At least 239 migrant children separated from their families at the U.S.-Mexico border are in the care of Cayuga Centers in New York, and it is unclear if or when they’ll be reunited with their parents.
On Thursday, children were seen emerging from a government facility where the migrant children are said to have been taken — many without Mayor Bill de Blasio’s knowledge, according to CNN. A total of 350 children have been at the center since Donald Trump‘s administration implemented its “zero-tolerance” policy, which has led to the separation of some 2000 children from their parents.
A child abuse activist and former attorney, 67-year-old Jeffrey Drummond, says he visited the Harlem center on Thursday and saw several tables seating at least 100 children.
“They were playing with toy-like things. It was a bare room, bare walls,” he says, noting that he was asked to leave shortly after arriving. “There were little chairs for the kids and tables.”
Drummond adds: “None of the kids were crying or screaming. They were playing with things and there was a little bit of chatter and laughter.”
The facility is not a residential center, according to the New York Times, instead, the agency places children in temporary foster care.
On Thursday, children emerged from the building in hand-colored masks as they left with foster families. According to CNN, children who come to the center for classes and basic services have lice, chicken, pox and bed bugs, and some are in need of mental health services.
Nancy Sicardo, 55, lives around the corner from the Harlem center and tells PEOPLE she saw eight young children, including a toddler, being taken inside by adults around 10 p.m. on Monday.
“The kids were so scared, they yelled at them,” Sicardo says of the adults. “They were rushing them, saying in Spanish, ‘Come on, come on.’ They looked so afraid.’ ”
She says she was angry when she learned that most of the children are migrants who had been taken from their parents.
“These kids were under our noses the whole time. I went home and cried,” she says. “I think they should give these kids back to their parents.

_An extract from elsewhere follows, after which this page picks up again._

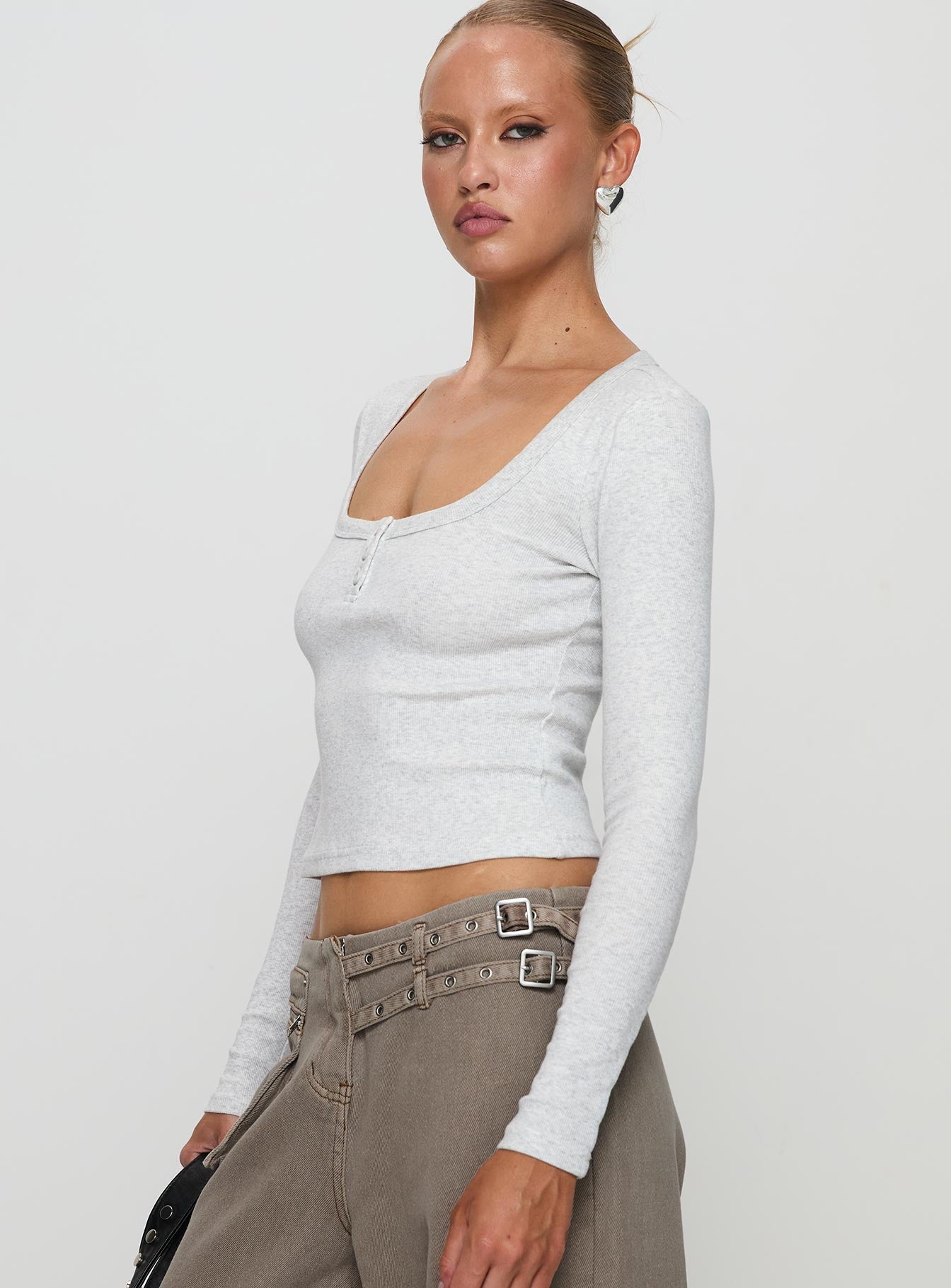 Daphine Long Sleeve Top Grey Discount Manchester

My heart is broken, I couldn’t imagine being separated from my family in a million years.”
The Cayuga Centers website states: “These children are placed in Spanish-speaking foster homes as they await reunification with a family member or sponsor, or return to the country of origin.”
However, one foster mother tells PEOPLE that a group of children she cares for had been at the Harlem center for months.

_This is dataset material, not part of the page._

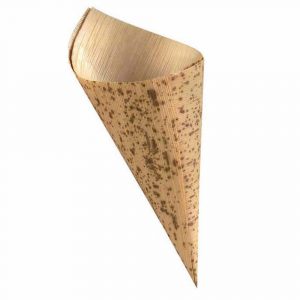 100-unit pack of Bamboo Cone XS, eco-friendly disposable cones for food serving, ideal for catering and events, sustainable choice.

Cayuga Centers has two other facilities in New York as well as locations in Florida and Delaware.
On Wednesday, Donald Trump signed an executive order, reversing his administration’s policy on separating children from their parents when they illegally cross the border.
“We are keeping families together,” Trump said in the Oval Office, where he was joined by Department of Homeland Security Secretary Kirstjen Nielsen and Vice President Mike Pence.
The president’s remarks came amid an overwhelming backlash against the policy that has resulted in 2,342 children being separated from their parents since May after crossing the Southern U.S. border.
Trump initially blamed Democrats for the policy, calling it “their law.”
However, as The New York Times notes, there was actually never a law that says children must be taken away from their parents at the border. In fact, it was the Trump administration’s decision to prosecute asylum seekers who enter the U.S. at the border that has led to parents being sent into criminal custody and separated from their children.